### INPUT DATA ###

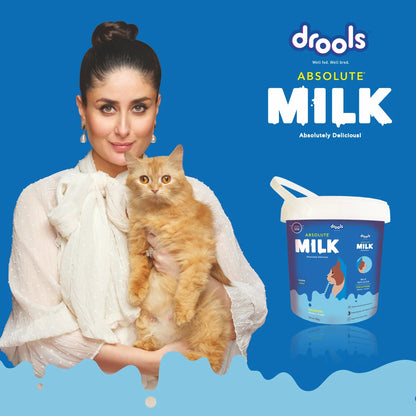 Drools Absolute Kitten Milk 500g - Pet Central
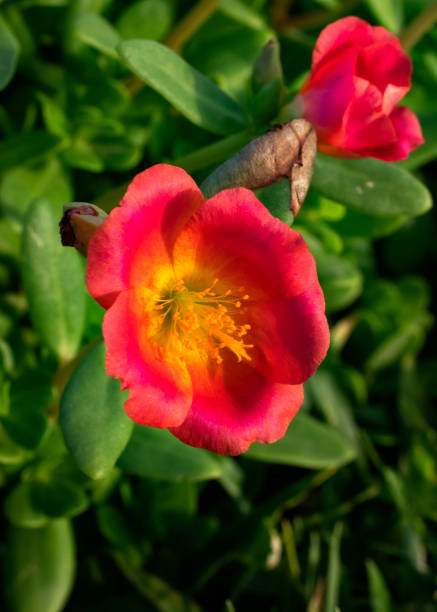 Red flower close-up.jpg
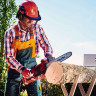 Пила цепная электрическая Einhell GH-EC 1835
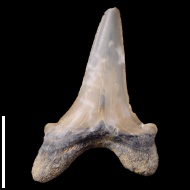 Cretoxyrhina  vraconensis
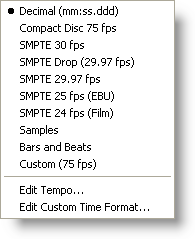 Adobe Audition 2.0 horizontal scale options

###

• **WORK INSTRUCTIONS**
Set down each entry above word for word, without its pictures.

• **ANSWER BELOW**
 Drools Absolute Kitten Milk 500g - Pet Central
 Red flower close-up.jpg
 Пила цепная электрическая Einhell GH-EC 1835
 Cretoxyrhina  vraconensis
 Adobe Audition 2.0 horizontal scale options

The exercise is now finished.